Si la Sentencia emitida por la CIDH era cuestionable, el camino correcto era el institucional, con apego irrestricto tanto a la ley doméstica como al Derecho Internacional. Cuando países vecinos han renunciado a la competencia de organismos multilaterales de los que son signatarios, no lo han hecho para desligarse de sentencias condenatorias en materia de Derechos Humanos ni violando los más elementales principios jurídicos. Eso suena a huída, no a acto de valentía y dignidad. Joaquín Balaguer, gobernante de los sangrientos doce años y pieza clave en las políticas anti-haitianas, parece haber tenido más juicio de la realidad, toda vez que fue en su mandato que República Dominicana se hizo signataria de la Convención Americana de Derechos Humanos, en 1977.
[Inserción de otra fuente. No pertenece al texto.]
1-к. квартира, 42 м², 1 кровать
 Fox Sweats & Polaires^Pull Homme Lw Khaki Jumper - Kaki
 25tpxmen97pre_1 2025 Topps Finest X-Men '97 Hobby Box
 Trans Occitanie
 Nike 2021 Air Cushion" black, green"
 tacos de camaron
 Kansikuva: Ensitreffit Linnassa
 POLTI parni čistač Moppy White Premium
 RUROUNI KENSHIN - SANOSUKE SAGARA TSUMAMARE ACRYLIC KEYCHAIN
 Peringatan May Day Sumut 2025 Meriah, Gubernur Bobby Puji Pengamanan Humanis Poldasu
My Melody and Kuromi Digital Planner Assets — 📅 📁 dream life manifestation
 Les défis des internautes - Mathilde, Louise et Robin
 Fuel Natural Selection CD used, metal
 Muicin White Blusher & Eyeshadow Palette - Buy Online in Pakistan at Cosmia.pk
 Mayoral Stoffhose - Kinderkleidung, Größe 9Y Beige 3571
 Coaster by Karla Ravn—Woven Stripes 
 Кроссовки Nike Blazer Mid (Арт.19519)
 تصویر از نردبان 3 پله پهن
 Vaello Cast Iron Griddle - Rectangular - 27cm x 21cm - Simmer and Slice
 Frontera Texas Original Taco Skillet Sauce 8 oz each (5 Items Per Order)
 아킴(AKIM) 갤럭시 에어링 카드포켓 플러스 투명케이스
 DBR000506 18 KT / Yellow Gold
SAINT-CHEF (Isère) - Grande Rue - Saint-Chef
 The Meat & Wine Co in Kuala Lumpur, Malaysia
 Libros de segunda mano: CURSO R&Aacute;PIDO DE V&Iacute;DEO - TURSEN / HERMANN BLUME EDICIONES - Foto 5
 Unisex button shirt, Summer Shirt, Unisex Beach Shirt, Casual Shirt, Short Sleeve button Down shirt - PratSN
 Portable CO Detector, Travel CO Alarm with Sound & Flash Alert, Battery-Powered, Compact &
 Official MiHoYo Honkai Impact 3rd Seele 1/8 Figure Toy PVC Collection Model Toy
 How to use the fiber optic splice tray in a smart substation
Si lo que se quiere es preservar la soberanía nacional y solucionar el problema fronterizo-migratorio, el camino no son sentencias que afectan la dignidad y derechos de las personas, ni la solidez institucional del país; mucho menos prácticas y políticas que afectan su crecimiento, desarrollo y oportunidades de mayor bienestar. Lo que se requiere es menos retórica y sí más  Patriotismo serio: políticas razonables, eficaces, con resultados verificables, fundamentadas en estudios rigurosos, e inteligencia estratégica para construir Estado e instituciones. Cualquiera que visita la frontera dominicana hoy, puede ver que –al igual que cuando Trujillo y Balaguer- en pocos países han coincidido de manera tan espectacular el discurso sobre el “enemigo externo” y la histeria sobre una “invasión”, con una inexplicable precariedad, desidia y desinterés en cómo son administradas fronteras, seguridad, migración y comercio, resaltado esto en hechos cotidianos como que pasar la puerta a República Dominicana no cuesta más que 100 pesos.

Sería bueno re-orientar una pequeña proporción de las energías, medios y recursos que se llevan gastando por más de ochenta años en políticas fracasadas de cazar fantasmas, que sólo atentan contra el interés nacional (además de inhumanas), y dedicarlas a mejorar las capacidades del Estado en materia fronteriza, migratoria y orden interior. Es mucho más eficaz y razonable; o un día nos sorprenderemos con que, arrastrados por miedo y emociones, hemos permitido que se construya (otra vez) un muro para encerrarnos a nosotros mismos. ¿Quién se atreve a romper la cadena?